Data Block Start

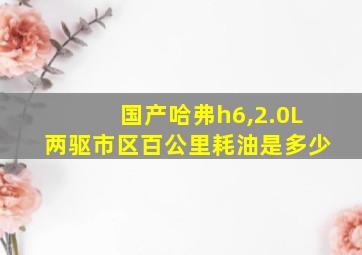 国产哈弗h6,2.0L两驱市区百公里耗油是多少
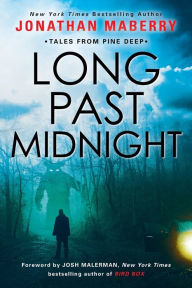 Ebooks em audiobooks para download Long Past Midnight by Jonathan Maberry, Jonathan Maberry MOBI FB2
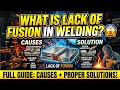 What is Lack of Fusion in Welding? 😱 Causes, Solution Explained #weldingdefects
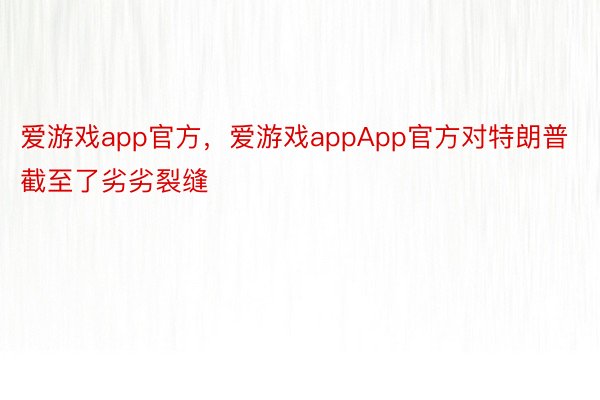 爱游戏app官方，爱游戏appApp官方对特朗普截至了劣劣裂缝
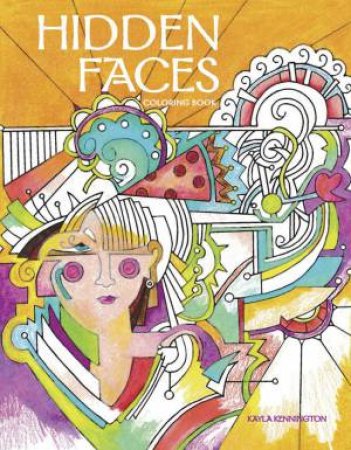 Hidden Faces Coloring Book by KAYLA KENNINGTON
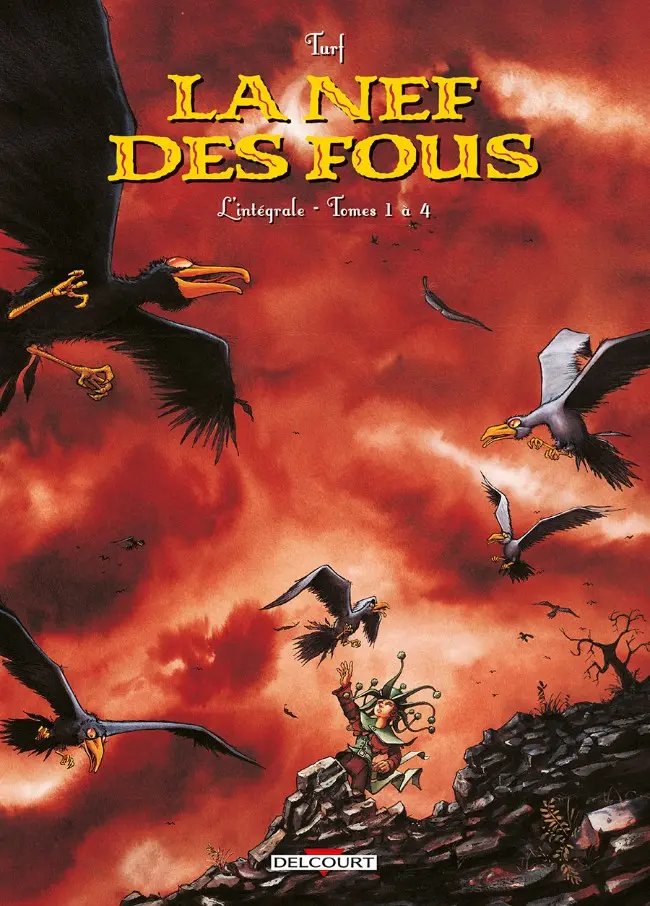Couverture de l'album La Nef des fous L'intégrale Tomes 1 à 4
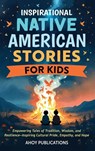 Inspirational Native American Stories for Kids - Ahoy Publications - 9798892965095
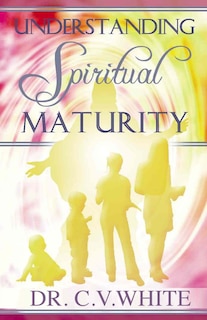 Front cover_Understanding Spiritual Maturity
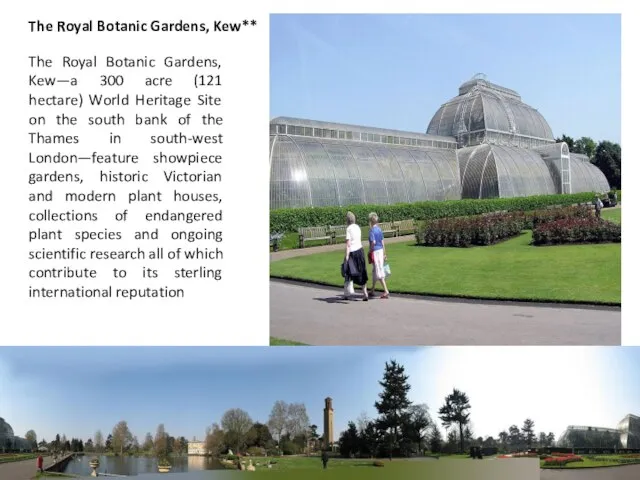 The Royal Botanic Gardens, Kew** The Royal Botanic Gardens, Kew—a 300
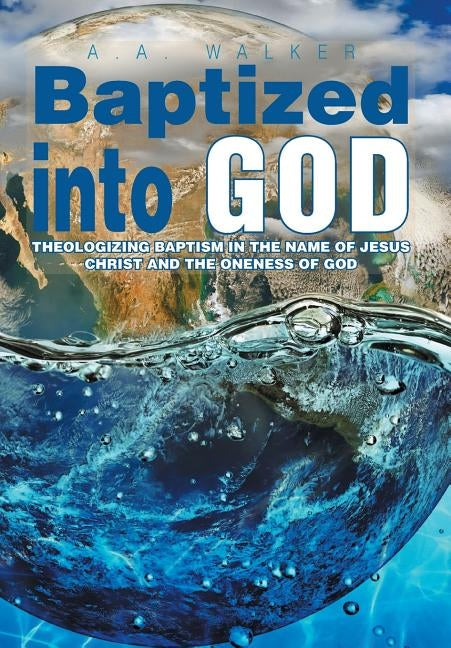 Baptized Into God: Theologizing Baptism in the Name of Jesus Christ and the Oneness of God by Walker, A. a.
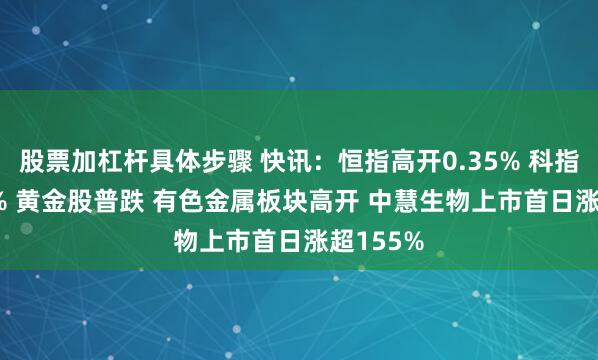 股票加杠杆具体步骤 快讯：恒指高开0.35% 科指涨0.19% 黄金股普跌 有色金属板块高开 中慧生物上市首日涨超155%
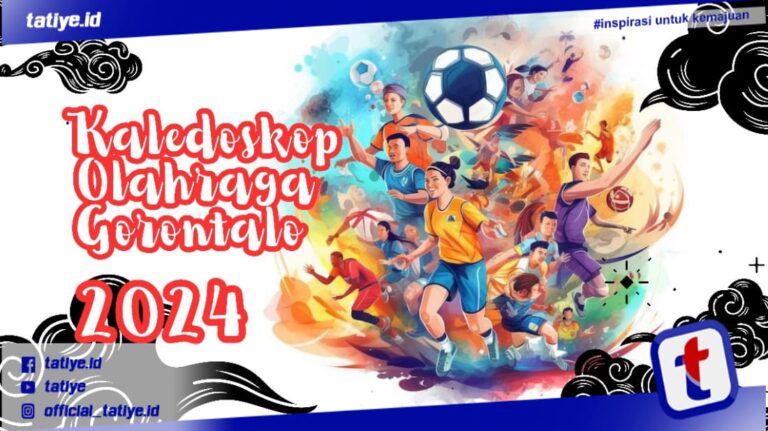 “Peluang Olahraga di Gorontalo 2024: Kejutan dan Inovasi”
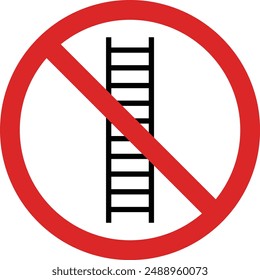 No ladder sign . Do not use ladder sign . No allowed ladder sign . Vector illustration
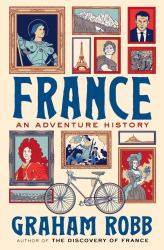 France : An Adventure History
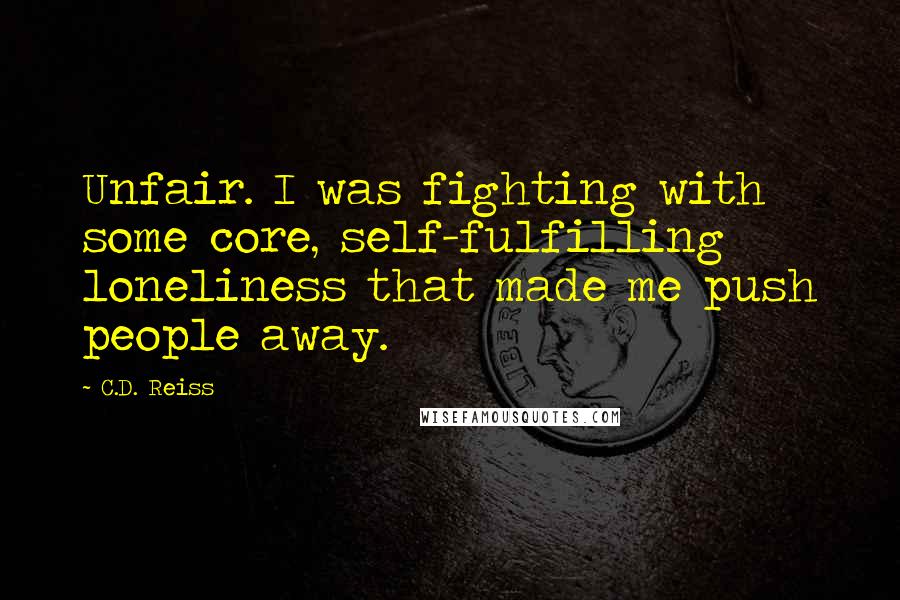 C.D. Reiss Quotes: Unfair. I was fighting with some core, self-fulfilling loneliness that made me push people away.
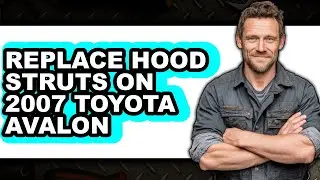 How To Replace Hood Struts On 2007 Toyota Avalon - Easy Guide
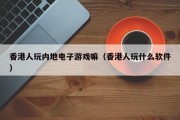 香港人玩内地电子游戏嘛（香港人玩什么软件）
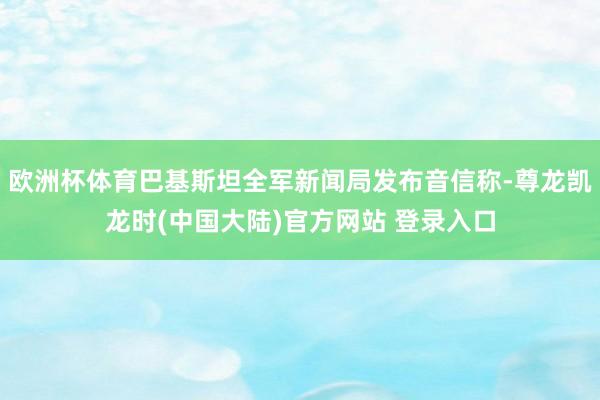 欧洲杯体育巴基斯坦全军新闻局发布音信称-尊龙凯龙时(中国大陆)官方网站 登录入口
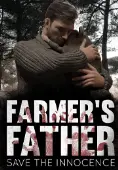 Farmer&#x27;s Father: Save the Innocence
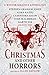 Christmas and Other Horrors: A Winter Solstice Anthology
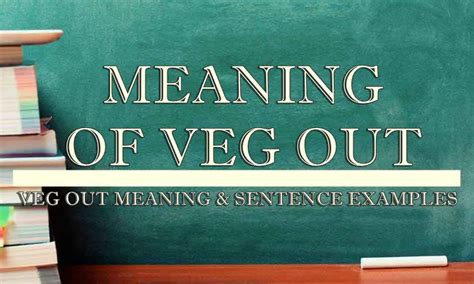 Veg out Definition & Meaning - Merriam-Webster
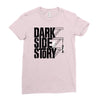 dark side story Ladies Fitted T-Shirt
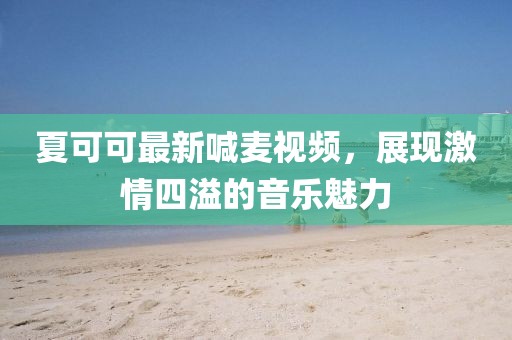 夏可可最新喊麦视频，展现激情四溢的音乐魅力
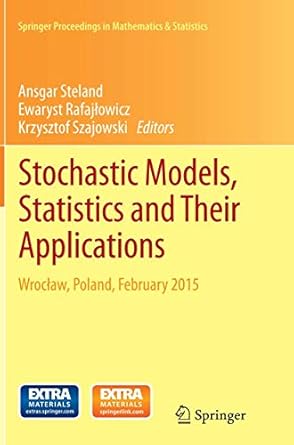 stochastic models statistics and their applications wroclaw poland february 2015 1st edition ansgar steland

Data Block End

Problem to work on:
Your task is to reproduce the entries above word for word, from the first line through the line with "Front cover_Understanding Spiritual Maturity", and please leave out any pictures.

Exercise answer:
 国产哈弗h6,2.0L两驱市区百公里耗油是多少
 Ebooks em audiobooks para download Long Past Midnight by Jonathan Maberry, Jonathan Maberry MOBI FB2
 What is Lack of Fusion in Welding? 😱 Causes, Solution Explained #weldingdefects
 爱游戏app官方，爱游戏appApp官方对特朗普截至了劣劣裂缝
 Hidden Faces Coloring Book by KAYLA KENNINGTON
Couverture de l'album La Nef des fous L'intégrale Tomes 1 à 4
 Inspirational Native American Stories for Kids - Ahoy Publications - 9798892965095
 Front cover_Understanding Spiritual Maturity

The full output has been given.